ENDNOTE F.
'Truth and Good are one, And Beauty dwells in them', etc.—P. 14.
'Do you imagine,' says Socrates to Aristippus, 'that what is good is not beautiful? Have you not observed that these appearances always coincide? Virtue, for instance, in the same respect as to which we call it good, is ever acknowledged to be beautiful also. In the characters of men we always [1] join the two denominations together. The beauty of human bodies corresponds, in like manner, with that economy of parts which constitutes them good; and in every circumstance of life, the same object is constantly accounted both beautiful and good, inasmuch as it answers the purposes for which it was designed.' —Xenophont. Memorab. Socrat. 1.iii.c.8.

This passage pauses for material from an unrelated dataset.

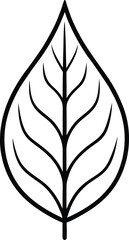 Ash tree leaf. Vector linear illustration. Outline, silhouette, and line art drawings isolated on a white background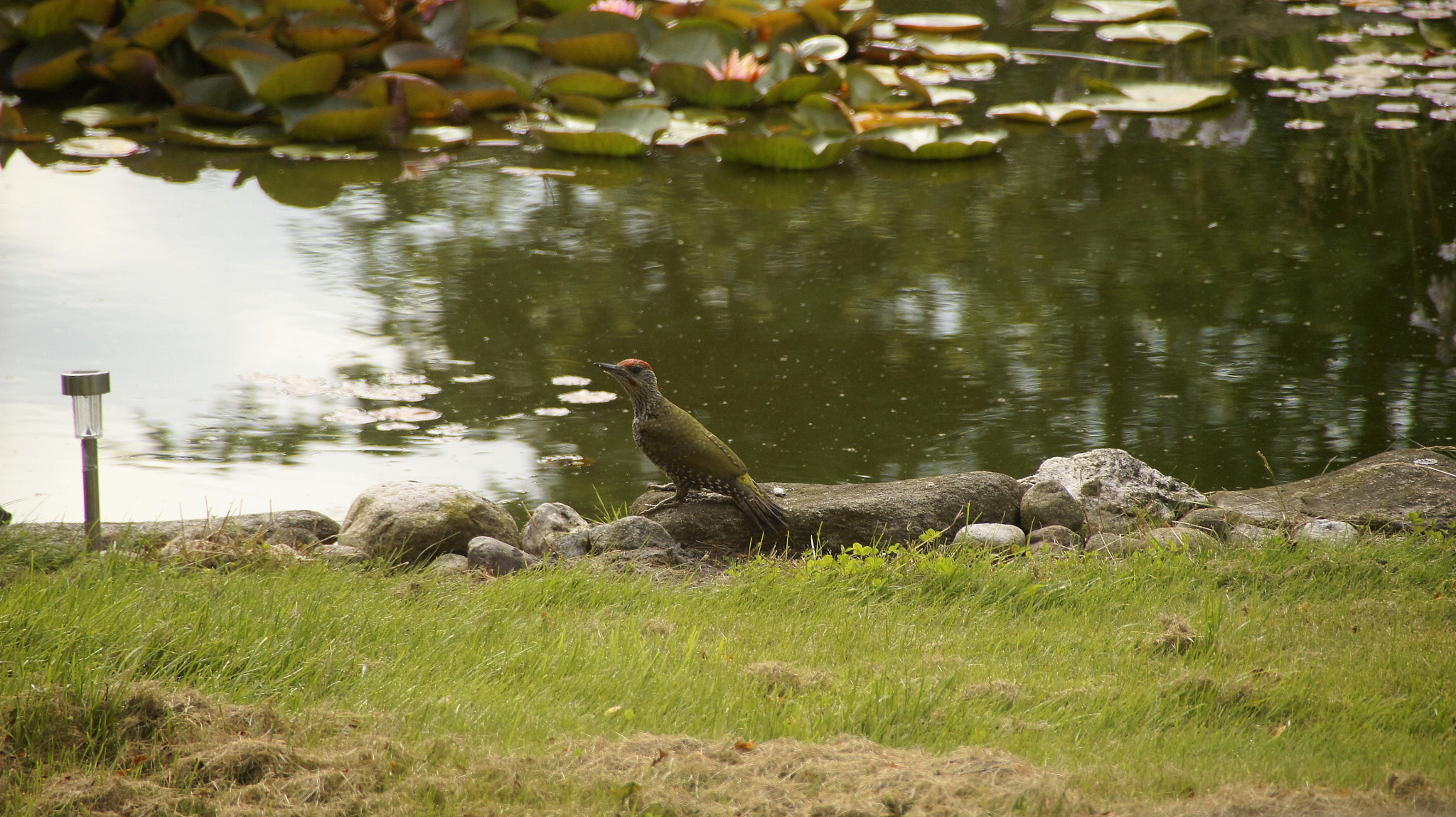 Sony SLT-A33 sample photo. Green woodpecker photography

This excellent observation has been illustrated and extended by the noble restorer of ancient philosophy. (See the Characteristics, vol. ii., pp. 339 and 422, and vol. iii., p. 181.) And another ingenious author has particularly shewn, that it holds in the general laws of nature, in the works of art, and the conduct of the sciences (Inquiry into the Original of our Ideas of Beauty and Virtue, treat, i. Section 8). As to the connexion between beauty and truth, there are two opinions concerning it. Some philosophers assert an independent and invariable law in nature, in consequence of which all rational beings must alike perceive beauty in some certain proportions, and deformity in the contrary. And this necessity being supposed the same with that which commands the assent or dissent of the understanding, it follows, of course, that beauty is founded on the universal and unchangeable law of truth.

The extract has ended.